Aric pulls me to his body, and our mouths crash together. I pour everything that I don’t get to say into this. My hands move to his head, and my fingers drive into his soft hair. His tongue teases my mouth, and I moan.
He pulls away, his forehead pressed to my head.
“I love you, Ares,” I whisper. The darkness leaves his eye; a tear runs down his face.
“Die.”
Then I feel it: pain in my stomach, the crack of something inside me. I look down and see a dagger. I feel dizzy, like I’m losing my balance. My body feels weak; I can’t…
Aric bends with me as I fall to the floor. He holds me in his arms. My eyelids grow heavy. My breath is short. I look up at Aric. His face twist confusion, his eye are dark and unfocused.
“I love you. Now until forever.” Then I’m swallowed by darkness.

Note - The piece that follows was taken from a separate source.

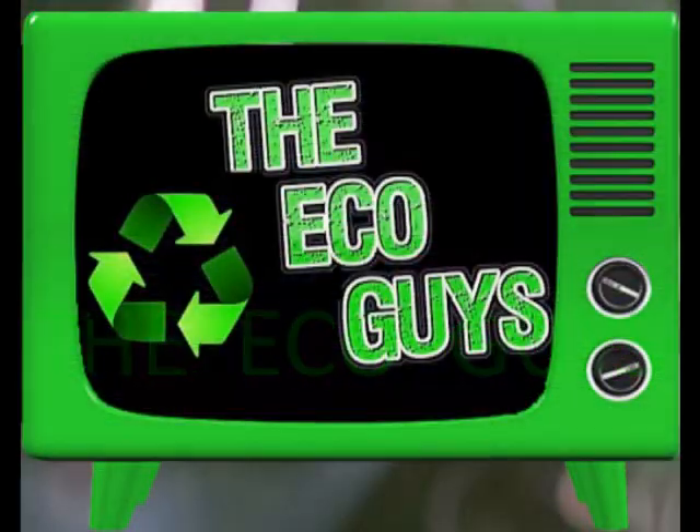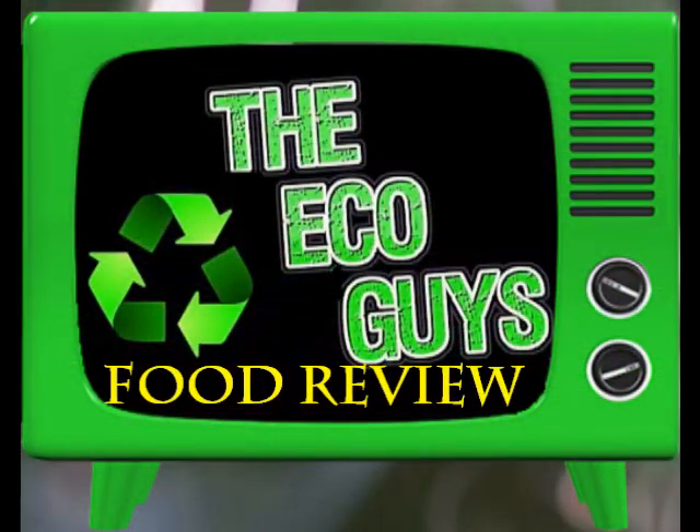I'm hungry, hungry, hungry. John Wilde here with another taste review.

Fuck, my head. Everything feels so heavy. My head lolls forward. I try to open my eyes, and they burn. My body feels like it’s not mine, like I borrowed it from someone else.
I swallow, and my throat burns like I’ve been screaming for hours.
Flashes… my fist pounding into the vault door, a heartbeat behind it. Someone’s frightened. My memory feels fragmented. What the hell happened? The last time I woke up like this, Talia…died. Dead?
It all rushes back to me. Soraya, our fight, Aphrodite. Me telling her to run.